Alrighty...I ordered my triple...but I was just too dadgum tempted to get the single. Such a good price! I ordered one and I'm thinking about making an even more miniature light.

-Single XP-G
-Integrated driver
-14.6mm diameter board

I want to keep the thing as small as possible...but I don't wanna kill the functionality of it.

1. Optics: I'm looking at the Ledil Tina 16.1mm diameter optics. Will this work out well do you think?

2. What kind of run time will I be looking at with a 7.4v 2500 mAh pack versus a 900 mAh pack?

I'm thinking about sticking with the "Hex Bar" design for now to keep it Koo. This one will have to be 0.75" hex bar giving me ~ 1.5mm of wall thickness from flat-to-flat and a couple more from corner to corner. May just do the silicone on this one...I'll have to see how much room I actually have to drill and tap for a face cap.

So yeah...I guess mainly for now I want some advice on whether or not the optics will be decent enough...and runtime. (as my triple isn't finished...this project will be a while...but the gutz are ordered:thumbsup: )

http://www.lux-rc.com/view.php?p=content/showcase/L30/order

http://www.lux-rc.com/content/showcase/L30/L312PCB-EN-120418.pdf










One more thing...since this is only a single XP-G...could I do only around 3/4" to 1" length with 3 sets of 2 fins for cooling?


----------



## troutie-mtb (Sep 20, 2007)

your main problem will be mounting the optic , you will need to remove the holder from Tina and just seat the optic on the led .
so keeping it in the correct position will be a bit of an issue.
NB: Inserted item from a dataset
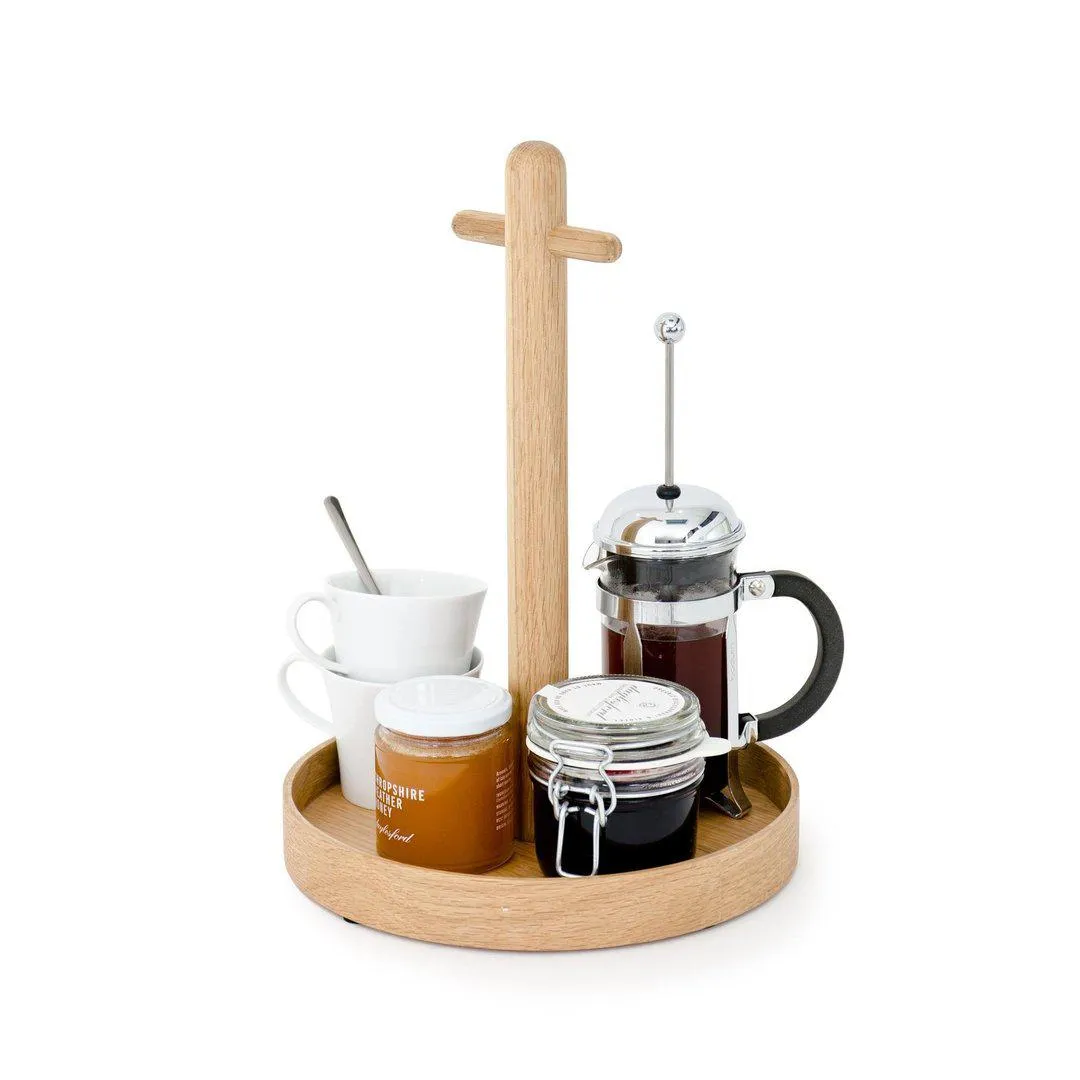 Condiment Tray with Storage - Oak Wood image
the Tina is OK not great not bad you would get a better beam if you stuck with a 20 mm optic


----------



## Jim Z in VT (Sep 9, 2007)

I have some double Tina XPGs in the works. Hopefully some beamshots coming...soon? I only seem to manage 10 or 15 minutes of work on them a couple times a week lately before I'm on to "more important" chores, so maybe not so soon :-(

The holders are annoying to work with. Difficult to pop the optic out, and _much_ modification to the base is needed to get it to sit over the wires and solder blobs, even on a simple 10mm square board. Perhaps it is meant for the 10mm round, or ??? I cannot see getting the holder to work with the Quazzle board.

Judging by Troutie's beam shots, the 20mm optics will give a better quality beam, at least with XPG. His XPE beamshots look better.

JZ


----------



## chelboed (Jul 29, 2005)

Maybe a reflector then?


----------



## jmitchell13 (Nov 20, 2005)

*Runtime calculation*

Unless you use more than one of these I don't see it being too useful for mtbing. Walking or hiking, sure. You could even use it as an emergency backup incase your main light goes out during a ride.
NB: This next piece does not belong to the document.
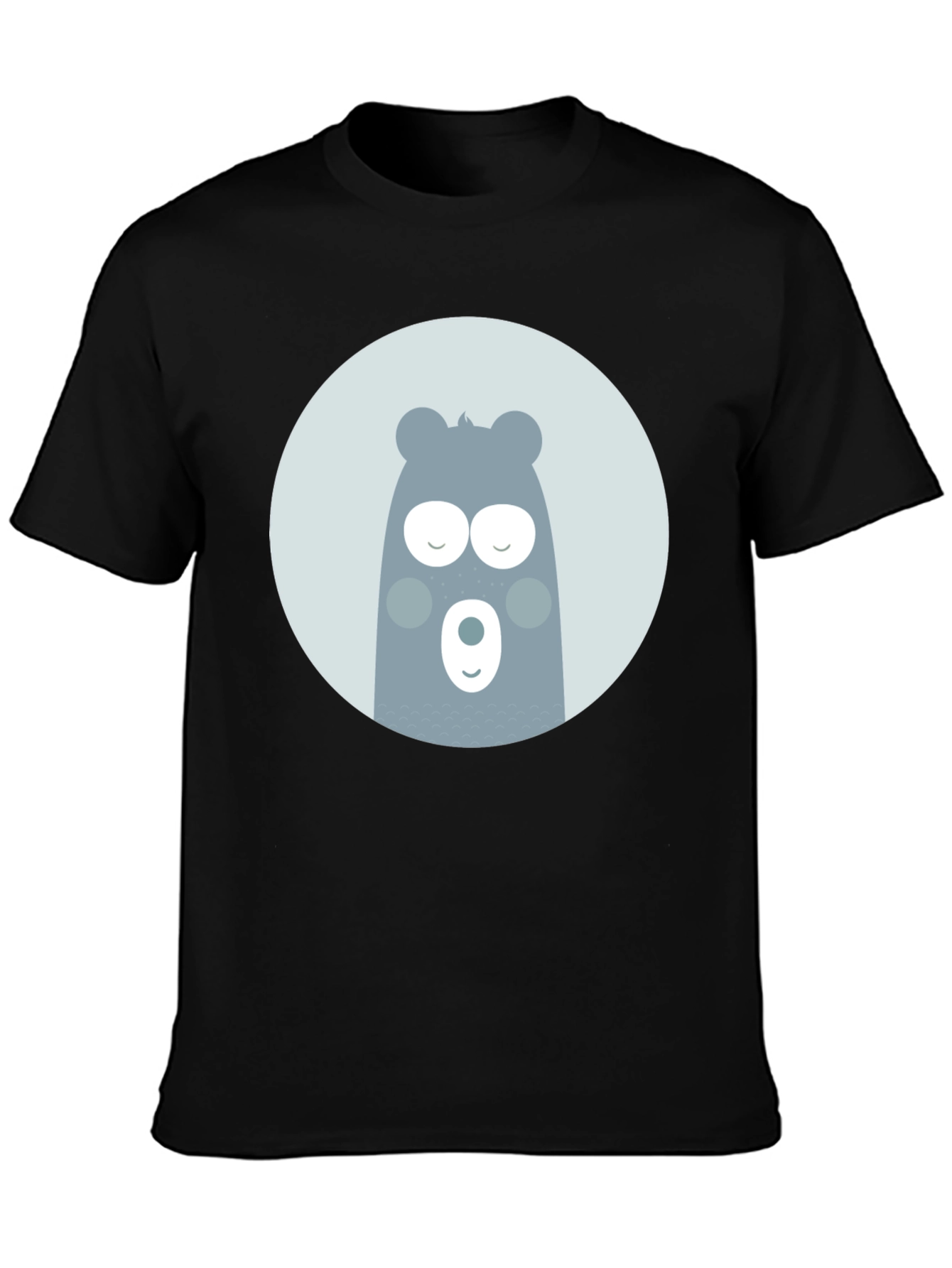 Black Cute Bear Graphic Black T-Shirt view 3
Your hex tripple is pretty small already. I don't see the value in trying to make something even smaller when you reduce the light output by 66%.

Here's how to calcualate run time:
First calculate the Battery WattHrs:
Battery Capacity x Battery Voltage (2.5AHr x 7.4V = 18.5WattHrs)

Then, calculate the LED Watts:
LED Current x Forward Voltage / Driver Efficiency (1.1A x 3.5V / .96) = 4.01Watts)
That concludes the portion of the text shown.